Created in the environmentally conscious 1970s, recycling today is being pared down in New York City, while Dallas and Denver, among other metropolitan areas, are eyeing smaller programs with lesser reach.
In Hampton Roads, however, cities such as Virginia Beach, Newport News and Hampton are going in the opposite direction -- investing in bigger systems that capture more goods and are more convenient to residents, but cost more.
The SPSA launched a curbside program in 1989. It has lost money almost every year. It now is subsidized with a monthly fee of $1.05 per home in the service area.
The share of residents who set out their blue bins every other week, meanwhile, has dipped to about 30 percent.

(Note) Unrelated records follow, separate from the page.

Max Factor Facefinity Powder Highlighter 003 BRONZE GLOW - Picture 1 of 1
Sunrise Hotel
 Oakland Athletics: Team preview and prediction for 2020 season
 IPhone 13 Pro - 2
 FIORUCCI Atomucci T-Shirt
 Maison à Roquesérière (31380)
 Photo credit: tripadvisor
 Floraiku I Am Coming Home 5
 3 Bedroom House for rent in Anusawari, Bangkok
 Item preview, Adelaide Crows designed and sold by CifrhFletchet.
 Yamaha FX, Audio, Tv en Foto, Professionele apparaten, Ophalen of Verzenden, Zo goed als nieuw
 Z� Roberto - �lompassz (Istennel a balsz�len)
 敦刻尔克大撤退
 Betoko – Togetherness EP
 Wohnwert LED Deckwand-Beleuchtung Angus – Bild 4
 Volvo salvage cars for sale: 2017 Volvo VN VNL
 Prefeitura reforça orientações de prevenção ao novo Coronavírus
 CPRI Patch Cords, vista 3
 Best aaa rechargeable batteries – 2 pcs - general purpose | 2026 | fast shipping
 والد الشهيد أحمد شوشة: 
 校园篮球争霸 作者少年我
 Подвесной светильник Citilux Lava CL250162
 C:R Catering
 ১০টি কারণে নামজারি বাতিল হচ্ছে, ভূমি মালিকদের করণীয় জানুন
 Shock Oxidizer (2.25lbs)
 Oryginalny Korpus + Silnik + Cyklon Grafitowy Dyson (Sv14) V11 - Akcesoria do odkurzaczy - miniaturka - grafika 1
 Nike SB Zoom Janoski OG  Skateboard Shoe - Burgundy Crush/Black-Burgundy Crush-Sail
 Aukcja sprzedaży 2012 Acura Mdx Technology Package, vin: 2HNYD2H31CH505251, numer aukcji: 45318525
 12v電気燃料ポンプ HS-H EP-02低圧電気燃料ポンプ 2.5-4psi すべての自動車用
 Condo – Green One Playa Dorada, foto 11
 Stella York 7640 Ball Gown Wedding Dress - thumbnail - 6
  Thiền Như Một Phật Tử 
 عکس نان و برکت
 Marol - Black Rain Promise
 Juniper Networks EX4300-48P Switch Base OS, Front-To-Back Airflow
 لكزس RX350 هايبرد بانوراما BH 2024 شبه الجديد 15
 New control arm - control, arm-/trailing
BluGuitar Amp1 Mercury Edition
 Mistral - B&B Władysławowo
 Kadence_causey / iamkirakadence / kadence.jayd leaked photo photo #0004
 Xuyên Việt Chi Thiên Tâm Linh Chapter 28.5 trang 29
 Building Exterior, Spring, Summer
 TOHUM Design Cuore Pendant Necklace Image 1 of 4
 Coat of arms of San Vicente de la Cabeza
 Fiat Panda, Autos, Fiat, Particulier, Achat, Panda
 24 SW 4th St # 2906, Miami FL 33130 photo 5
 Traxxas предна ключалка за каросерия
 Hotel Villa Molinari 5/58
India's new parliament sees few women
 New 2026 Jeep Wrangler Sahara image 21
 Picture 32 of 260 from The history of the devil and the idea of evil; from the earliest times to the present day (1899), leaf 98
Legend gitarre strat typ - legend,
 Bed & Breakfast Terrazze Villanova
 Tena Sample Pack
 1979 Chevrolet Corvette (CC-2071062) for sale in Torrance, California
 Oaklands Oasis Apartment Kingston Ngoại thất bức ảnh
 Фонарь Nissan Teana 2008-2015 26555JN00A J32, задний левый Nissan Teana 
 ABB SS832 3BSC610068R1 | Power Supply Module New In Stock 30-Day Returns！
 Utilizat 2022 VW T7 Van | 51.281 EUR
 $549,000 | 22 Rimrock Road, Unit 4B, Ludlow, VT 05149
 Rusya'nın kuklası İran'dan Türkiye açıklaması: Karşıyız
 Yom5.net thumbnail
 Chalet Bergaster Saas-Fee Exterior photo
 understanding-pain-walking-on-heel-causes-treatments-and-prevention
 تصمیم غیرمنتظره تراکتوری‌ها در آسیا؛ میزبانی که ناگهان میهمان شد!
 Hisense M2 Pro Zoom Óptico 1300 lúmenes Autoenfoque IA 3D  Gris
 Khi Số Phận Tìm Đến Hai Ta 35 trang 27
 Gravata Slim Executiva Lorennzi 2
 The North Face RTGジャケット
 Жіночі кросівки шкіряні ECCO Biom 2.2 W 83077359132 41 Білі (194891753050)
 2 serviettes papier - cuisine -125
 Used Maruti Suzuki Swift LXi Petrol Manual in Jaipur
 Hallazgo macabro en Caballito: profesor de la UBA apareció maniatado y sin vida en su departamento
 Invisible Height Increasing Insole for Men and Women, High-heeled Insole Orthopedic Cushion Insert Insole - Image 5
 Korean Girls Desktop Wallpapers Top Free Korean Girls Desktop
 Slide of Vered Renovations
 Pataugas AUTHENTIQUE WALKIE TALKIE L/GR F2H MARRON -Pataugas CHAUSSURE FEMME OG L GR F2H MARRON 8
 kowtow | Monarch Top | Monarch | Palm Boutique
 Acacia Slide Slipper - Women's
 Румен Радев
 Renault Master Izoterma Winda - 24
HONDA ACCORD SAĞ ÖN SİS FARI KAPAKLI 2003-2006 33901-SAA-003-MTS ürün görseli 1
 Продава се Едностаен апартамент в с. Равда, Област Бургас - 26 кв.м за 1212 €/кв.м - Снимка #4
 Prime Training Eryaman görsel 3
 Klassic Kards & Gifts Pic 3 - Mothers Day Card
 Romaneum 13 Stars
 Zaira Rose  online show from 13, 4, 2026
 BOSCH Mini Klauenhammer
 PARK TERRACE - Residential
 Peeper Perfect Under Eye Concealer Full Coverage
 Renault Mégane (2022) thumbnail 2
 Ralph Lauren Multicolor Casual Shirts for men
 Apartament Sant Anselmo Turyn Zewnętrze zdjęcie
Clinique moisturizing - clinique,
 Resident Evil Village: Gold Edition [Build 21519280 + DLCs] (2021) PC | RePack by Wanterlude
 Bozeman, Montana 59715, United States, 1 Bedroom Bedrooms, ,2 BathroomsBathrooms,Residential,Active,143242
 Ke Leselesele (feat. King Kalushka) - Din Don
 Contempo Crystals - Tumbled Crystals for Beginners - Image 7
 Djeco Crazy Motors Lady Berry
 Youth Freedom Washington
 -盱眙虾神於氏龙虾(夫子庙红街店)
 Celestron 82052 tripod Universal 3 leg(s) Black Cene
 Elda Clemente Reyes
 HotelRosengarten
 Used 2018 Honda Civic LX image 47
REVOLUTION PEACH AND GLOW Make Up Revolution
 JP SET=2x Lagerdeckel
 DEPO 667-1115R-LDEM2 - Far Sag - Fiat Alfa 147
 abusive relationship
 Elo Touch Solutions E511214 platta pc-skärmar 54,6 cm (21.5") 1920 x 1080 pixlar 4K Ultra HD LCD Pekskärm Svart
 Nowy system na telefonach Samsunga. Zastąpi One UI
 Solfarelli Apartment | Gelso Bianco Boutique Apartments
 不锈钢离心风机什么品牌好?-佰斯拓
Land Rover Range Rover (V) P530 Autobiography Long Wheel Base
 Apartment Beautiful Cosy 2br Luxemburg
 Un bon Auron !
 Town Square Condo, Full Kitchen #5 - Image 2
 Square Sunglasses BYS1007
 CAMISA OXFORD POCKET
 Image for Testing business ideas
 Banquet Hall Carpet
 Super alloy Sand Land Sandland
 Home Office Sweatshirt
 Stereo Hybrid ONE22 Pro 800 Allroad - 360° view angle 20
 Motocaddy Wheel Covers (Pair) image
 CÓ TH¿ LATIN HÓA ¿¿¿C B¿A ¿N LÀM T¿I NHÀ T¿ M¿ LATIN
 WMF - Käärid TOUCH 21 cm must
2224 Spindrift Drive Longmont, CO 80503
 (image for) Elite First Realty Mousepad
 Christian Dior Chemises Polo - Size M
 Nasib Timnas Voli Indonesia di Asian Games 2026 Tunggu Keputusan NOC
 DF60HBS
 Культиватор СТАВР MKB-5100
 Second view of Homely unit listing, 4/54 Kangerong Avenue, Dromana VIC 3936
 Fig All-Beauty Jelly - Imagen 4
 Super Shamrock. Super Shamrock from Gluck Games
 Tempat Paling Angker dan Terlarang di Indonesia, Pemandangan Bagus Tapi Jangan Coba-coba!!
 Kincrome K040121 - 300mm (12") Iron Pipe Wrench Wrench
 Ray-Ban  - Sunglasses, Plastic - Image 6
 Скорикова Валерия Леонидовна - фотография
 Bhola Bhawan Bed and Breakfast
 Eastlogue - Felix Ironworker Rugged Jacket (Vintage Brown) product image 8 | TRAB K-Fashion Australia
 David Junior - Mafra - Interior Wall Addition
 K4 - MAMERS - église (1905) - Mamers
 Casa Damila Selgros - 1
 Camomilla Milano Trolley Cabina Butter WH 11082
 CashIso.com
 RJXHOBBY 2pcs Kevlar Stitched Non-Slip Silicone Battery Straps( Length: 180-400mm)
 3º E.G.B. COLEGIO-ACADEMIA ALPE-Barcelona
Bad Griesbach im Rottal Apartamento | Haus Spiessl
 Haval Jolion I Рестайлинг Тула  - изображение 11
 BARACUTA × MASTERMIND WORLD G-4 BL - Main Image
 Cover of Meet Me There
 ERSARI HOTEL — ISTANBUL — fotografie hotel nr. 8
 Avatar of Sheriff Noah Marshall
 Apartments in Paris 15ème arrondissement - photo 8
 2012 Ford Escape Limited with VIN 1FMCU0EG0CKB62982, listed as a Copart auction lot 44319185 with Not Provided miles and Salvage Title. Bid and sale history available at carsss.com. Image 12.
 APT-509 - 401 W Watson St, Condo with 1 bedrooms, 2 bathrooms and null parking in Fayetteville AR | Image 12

Several speakers at Wednesday's hearing said one key problem is scant publicity. They urged the SPSA to advertise its program and benefits, noting that many people still do not know when collection days are scheduled, or that extra bins and bins with wheels are available by calling the agency.
Leo Johns, a Chesapeake retiree, learned about the bins-on-wheels option at the hearing. ``I look forward to finally being able to recycle,'' he said.
News that the SPSA was considering a major overhaul of its program has spawned a public-relations campaign by environmentalists and civic-league activists. The effort is being financed by Tidewater Fibre Corp., a Chesapeake-based recycling company.
The only speaker supporting the SPSA's plans was a lobbyist for private waste firms. Philip Abraham, representing Virginians for Effective and Efficient Public Service, said the SPSA is smart to consider cutting a program that consistently loses money.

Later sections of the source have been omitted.